* _Available data_:

>>

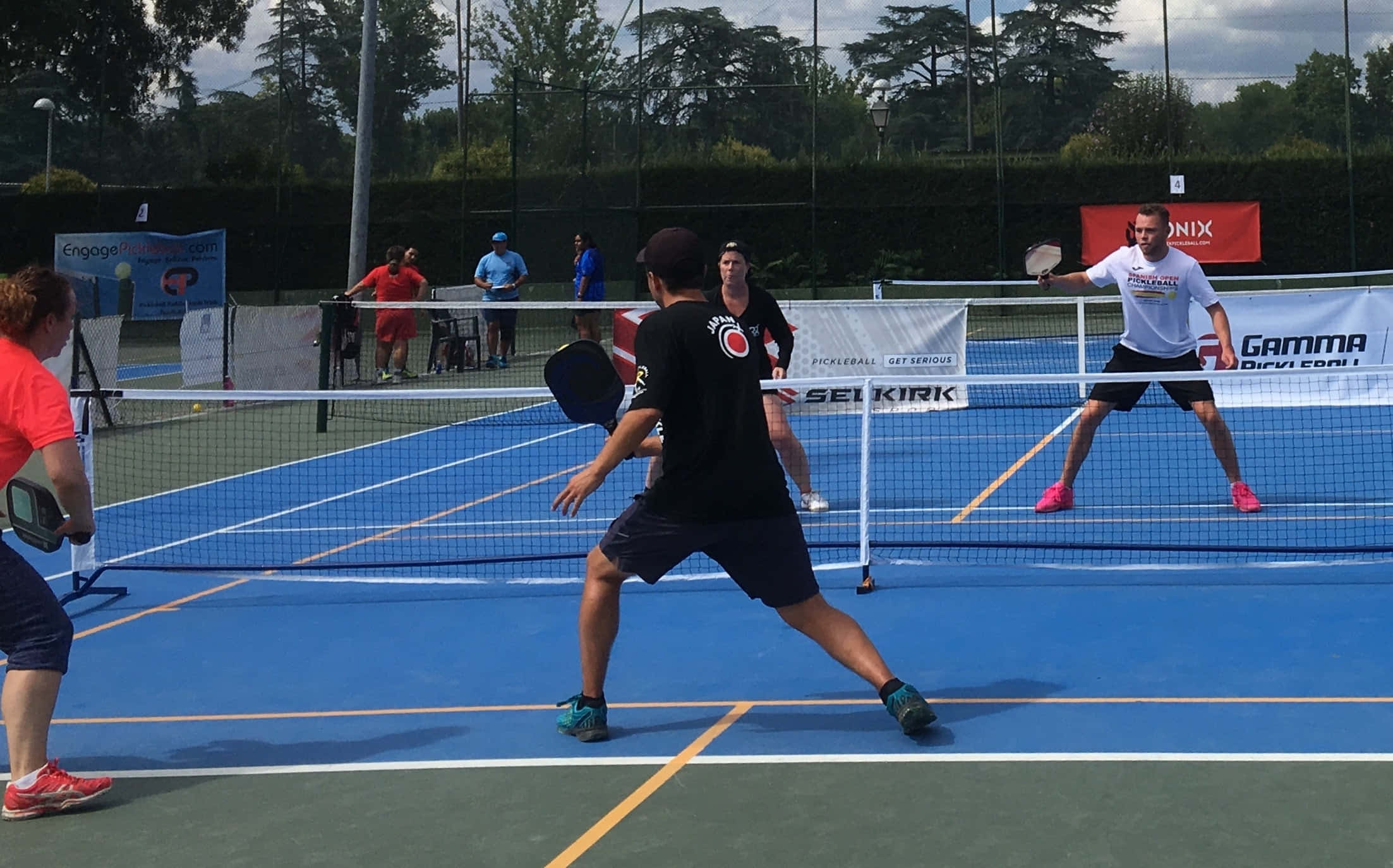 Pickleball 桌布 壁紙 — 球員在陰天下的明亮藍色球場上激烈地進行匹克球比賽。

<<
>>

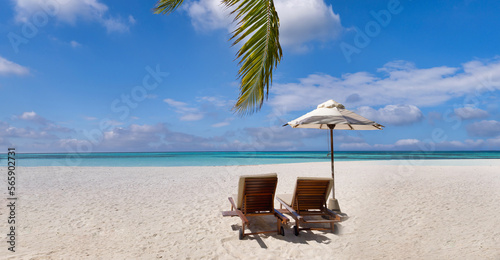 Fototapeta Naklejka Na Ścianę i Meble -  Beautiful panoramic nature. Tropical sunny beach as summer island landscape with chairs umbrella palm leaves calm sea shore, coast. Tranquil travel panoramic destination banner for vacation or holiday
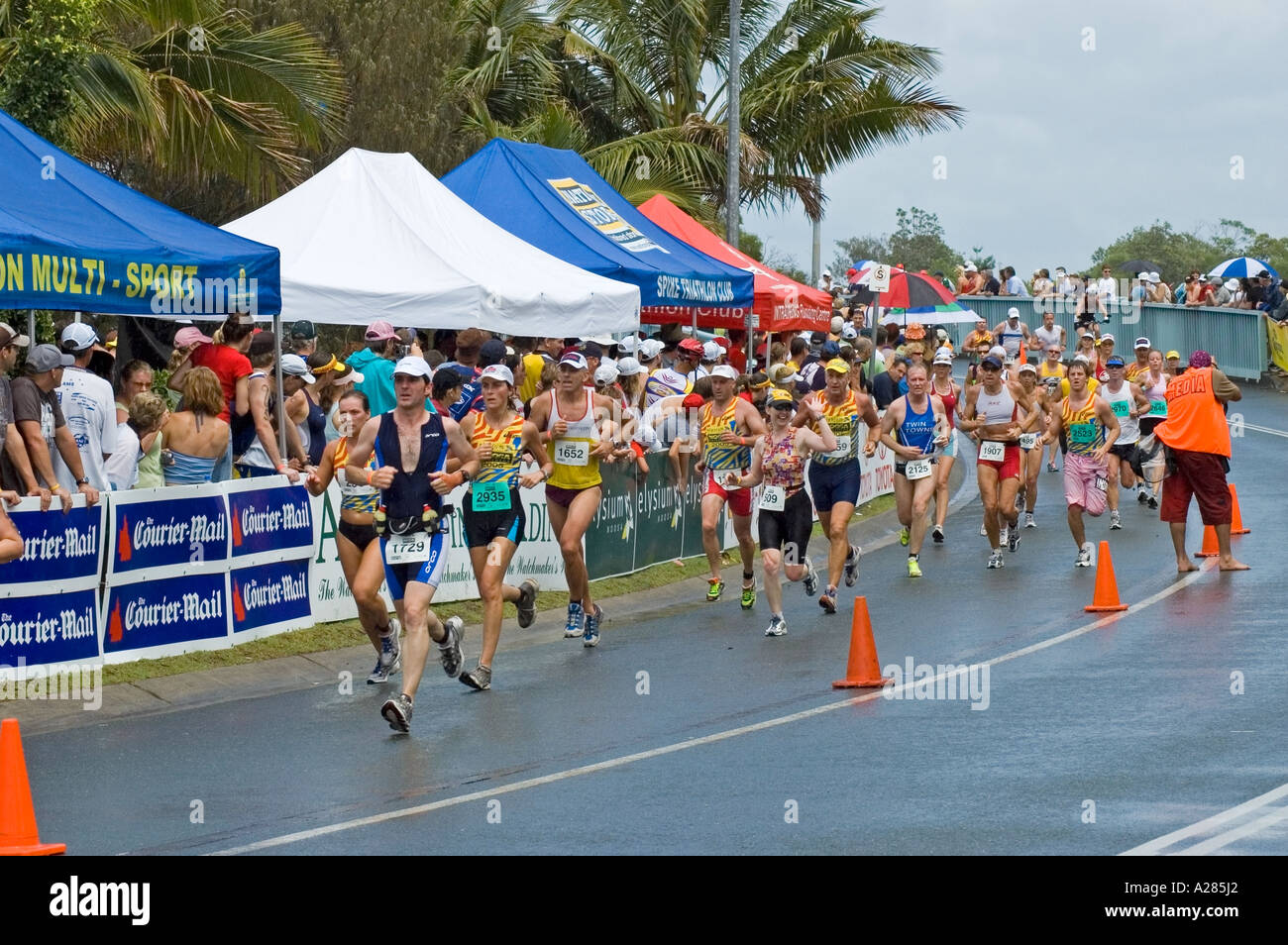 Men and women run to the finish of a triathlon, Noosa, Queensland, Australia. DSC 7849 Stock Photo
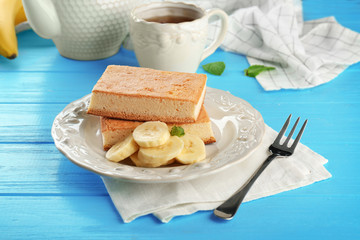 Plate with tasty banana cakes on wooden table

<<
>>

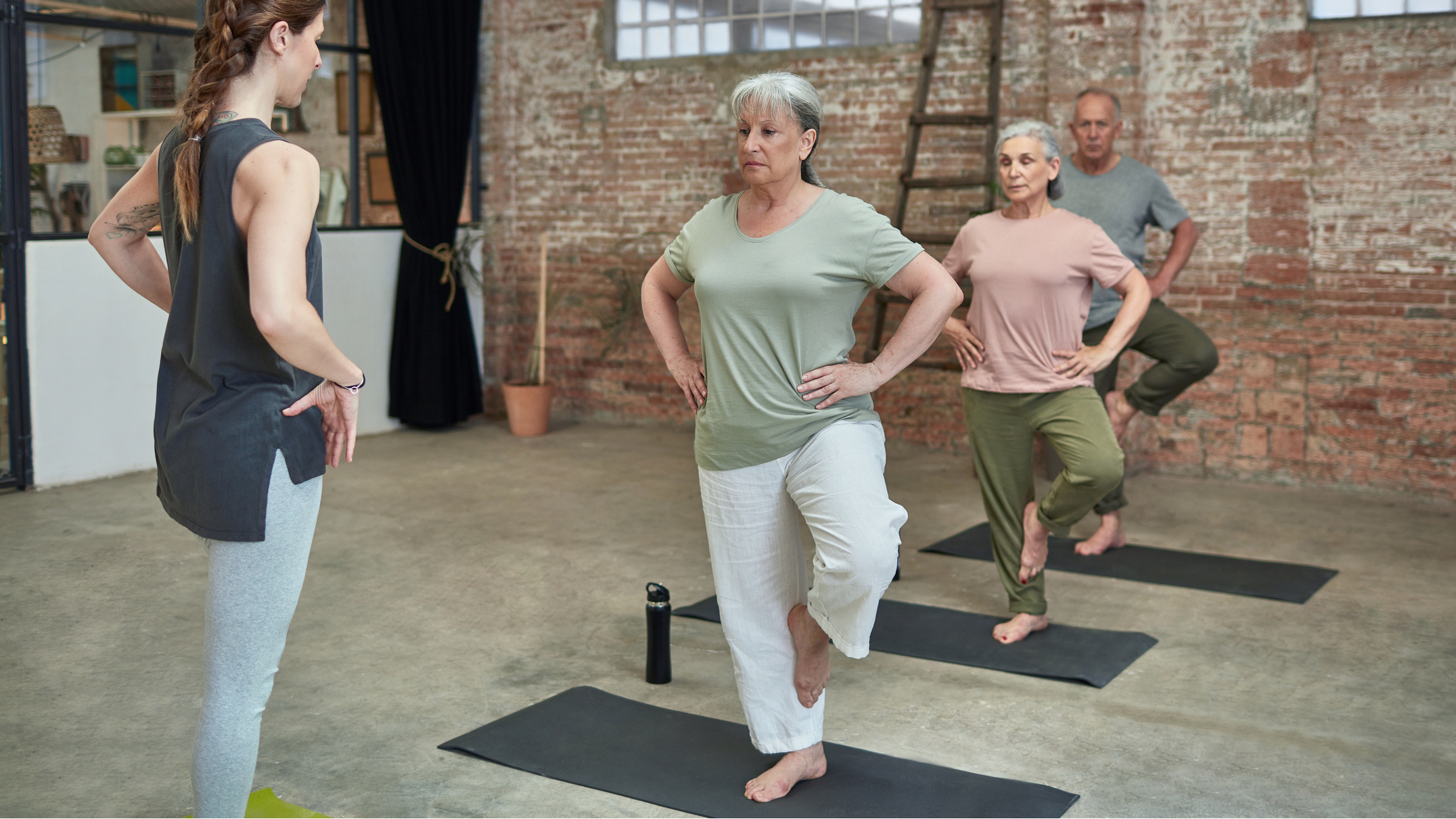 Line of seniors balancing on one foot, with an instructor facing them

<<

* _Work instruction_: Go back to the listing above and write out the lines starting at the one with "Men and women" and ending at the one with "Plate with tasty", inclusive, exactly and without pictures.

* _Answer to this problem_:
 Men and women run to the finish of a triathlon, Noosa, Queensland, Australia. DSC 7849 Stock Photo
 Plate with tasty banana cakes on wooden table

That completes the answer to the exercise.